A secret to longevity

Okinawans are the oldest living people in the world. Physical activity is part of the “natural rhythm of life” and  most older Okinawans are active in ways that keep them physically fit  along with connecting their physical selves with their psychological and spiritual selves. This is what helps them to feel whole.  In North America, less than half of us participate in  in a physical fitness routine, but in Okinawa exercise is a way of life.
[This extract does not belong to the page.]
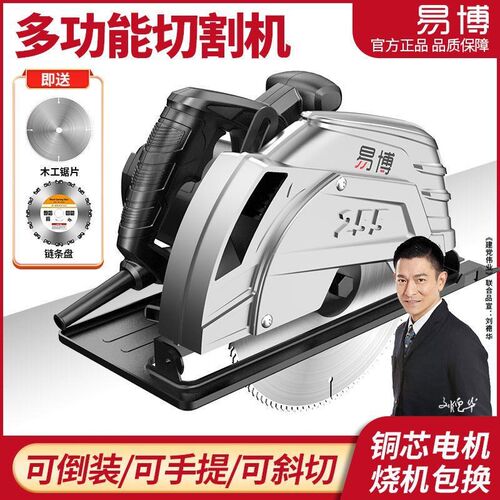 德系电圆锯家用多功能手提锯电锯台锯木工工具圆盘锯切割机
Jeralean Talley  was recognized at age 116 as the oldest person in the world between April 2015 and June of the same year. Talley was born on May 23, 1899 in Georgia. One of 12 children, she spent her early years living on a farm picking cotton and peanuts and harvesting sweet potatoes. She moved to Inkster, Michigan in 1935, and lived there until she died on June 17, 2015.  At the age of 114, Jeralean shared her secrets for long life:   “I never stop moving, and even today I keep my hands busy by knitting. I played bowling until I turned 104, but my legs have gotten weaker since then. I sometimes go fishing with my son-in-law and grandson and even caught seven fish last time. I only have one golden rule for life: Treat others as you would have them treat you.”

We can learn much from the experiences and wisdom of those who have lived long and healthy lives.  My mom is one of those people.  Although she cannot walk the distances she used to, she has adjusted due to her Macular Degeneration and circulation issues.  On my last visit the only time I saw her not moving was when she was sleeping, eating or reading on her video magnifier. Never stop moving!